Toegang voor het midden- en kleinbedrijf
Het doel van het clusterverbod is het vergroten van de kansen van het midden- en kleinbedrijf bij een aanbesteding. Onlangs oordeelde de Voorzieningenrechter van de rechtbank Oost-Brabant dat uit het clusterverbod van artikel 1.5 Aanbestedingswet niet volgt dat het midden- en kleinbedrijf de mogelijkheid zou moeten hebben om rechtstreeks op een aanbesteding in te schrijven. Met de mogelijkheid om als onderaannemer of als combinant in te schrijven is de toegang voor het midden- en kleinbedrijf (hiervoor genoemd onder (i)) voldoende gewaarborgd.
Ook aan de andere twee voorwaarden is in deze zaak voldaan, nu de aanbestedende dienst voldoende gemotiveerd heeft dat de opdrachten voldoende met elkaar samenhangen en wat de organisatorische risico’s zijn van samenvoeging. Het ging hier om enerzijds onderhoud en reparatie van verkeerslichten en openbare verlichting en anderzijds om de (administratieve) schadeafwikkeling. Een geïntegreerde oplossing waarbij alle werkzaamheden inclusief schadeafwikkeling van alle schades aan verkeerslichten en openbare verlichting aan één partij of combinatie wordt gegund is volgens de gemeente een efficiënte en logische oplossing. Daarbij is in het verleden gebleken dat apart aanbesteden leidt tot een toename van logistiek, administratieve kosten, hogere kosten, een langere doorlooptijd en discussie tussen partijen over de verantwoordelijkheden.

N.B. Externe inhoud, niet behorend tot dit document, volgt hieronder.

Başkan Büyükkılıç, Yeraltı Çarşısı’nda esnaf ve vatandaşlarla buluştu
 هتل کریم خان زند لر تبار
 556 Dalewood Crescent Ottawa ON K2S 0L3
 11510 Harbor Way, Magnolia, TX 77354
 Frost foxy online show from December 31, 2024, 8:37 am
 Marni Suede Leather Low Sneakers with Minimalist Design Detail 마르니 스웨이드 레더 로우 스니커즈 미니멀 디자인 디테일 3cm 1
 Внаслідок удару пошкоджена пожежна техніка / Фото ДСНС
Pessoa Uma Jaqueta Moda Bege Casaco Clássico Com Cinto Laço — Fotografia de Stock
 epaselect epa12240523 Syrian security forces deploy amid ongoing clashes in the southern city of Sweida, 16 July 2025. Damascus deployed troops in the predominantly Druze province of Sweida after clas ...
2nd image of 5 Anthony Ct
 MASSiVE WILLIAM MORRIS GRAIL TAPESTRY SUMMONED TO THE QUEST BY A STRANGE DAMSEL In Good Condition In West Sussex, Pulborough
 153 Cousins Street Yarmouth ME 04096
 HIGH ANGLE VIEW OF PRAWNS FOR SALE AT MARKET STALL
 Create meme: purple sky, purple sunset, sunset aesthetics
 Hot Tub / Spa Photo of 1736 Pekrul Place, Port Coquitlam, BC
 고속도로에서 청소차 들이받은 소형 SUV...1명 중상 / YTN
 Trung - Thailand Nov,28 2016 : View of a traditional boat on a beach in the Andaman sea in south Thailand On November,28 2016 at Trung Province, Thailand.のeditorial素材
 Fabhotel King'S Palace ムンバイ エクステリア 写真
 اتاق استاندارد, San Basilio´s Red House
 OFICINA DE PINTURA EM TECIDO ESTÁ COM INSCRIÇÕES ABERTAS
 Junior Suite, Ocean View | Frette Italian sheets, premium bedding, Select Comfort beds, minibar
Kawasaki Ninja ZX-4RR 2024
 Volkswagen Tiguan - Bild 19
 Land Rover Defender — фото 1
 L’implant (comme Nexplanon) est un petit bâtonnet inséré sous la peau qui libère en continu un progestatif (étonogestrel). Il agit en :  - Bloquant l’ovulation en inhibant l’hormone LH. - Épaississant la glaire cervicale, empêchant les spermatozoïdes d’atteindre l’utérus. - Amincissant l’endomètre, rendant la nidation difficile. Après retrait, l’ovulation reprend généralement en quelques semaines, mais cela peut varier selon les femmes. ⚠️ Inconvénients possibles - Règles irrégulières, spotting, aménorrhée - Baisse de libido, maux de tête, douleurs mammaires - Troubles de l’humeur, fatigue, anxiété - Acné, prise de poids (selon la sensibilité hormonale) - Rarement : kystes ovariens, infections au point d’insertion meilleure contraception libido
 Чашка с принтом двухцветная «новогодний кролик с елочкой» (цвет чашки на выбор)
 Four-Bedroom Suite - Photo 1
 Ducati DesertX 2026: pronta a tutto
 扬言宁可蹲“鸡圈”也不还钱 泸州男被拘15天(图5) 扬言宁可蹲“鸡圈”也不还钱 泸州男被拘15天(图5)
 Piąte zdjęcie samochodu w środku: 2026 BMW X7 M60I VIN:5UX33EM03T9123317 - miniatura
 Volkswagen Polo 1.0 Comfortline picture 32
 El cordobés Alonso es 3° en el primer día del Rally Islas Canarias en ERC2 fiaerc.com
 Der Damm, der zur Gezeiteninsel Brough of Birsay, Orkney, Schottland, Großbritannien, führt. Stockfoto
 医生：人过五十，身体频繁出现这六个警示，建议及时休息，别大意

Het vonnis is overigens niet alleen de moeite waard om eens te lezen vanwege het voorgaande, maar ook – en misschien wel vooral – vanwege de wijze waarop de Voorzieningenrechter zijn oordeel motiveert en opschrijft. Zo schrijft de Voorzieningenrechter:
“Aanbestedingsrecht is niet louter MKB-recht.”
Daarnaast deelt de Voorzieningenrechter zijn ervaringen op de weg in Helmond:
“Als de voorzieningenrechter in Helmond komt plegen daar inderdaad de verkeerslichtinstallaties niet stuk te zijn, maar steeds helder rood licht in zijn richting uit te stralen als de voorzieningenrechter er aan komt en de trottoirs en bermen liggen er evenmin bezaaid met uit de grond gereden lantarenpalen.”
Vuistregels voor de praktijk
Het besproken vonnis geeft een goede richtlijn voor een voldoende motivering voor het samenvoegen van opdrachten. Aanbestedende diensten geven vaak de mogelijkheid aan inschrijvers om met een combinant of onderaannemer in te schrijver. Daarmee is volgens de Brabantse Voorzieningenrechter de toegang voor het midden- en kleinbedrijf gewaarborgd. Als een aanbestedende dienst daarnaast nog kan motiveren dat er voldoende samenhang is en dat het samenvoegen zorgt voor lagere kosten (zoals logistieke en administratieve kosten), kortere doorlooptijd en concentratie van verantwoordelijkheden, is samenvoeging van de opdrachten toegestaan.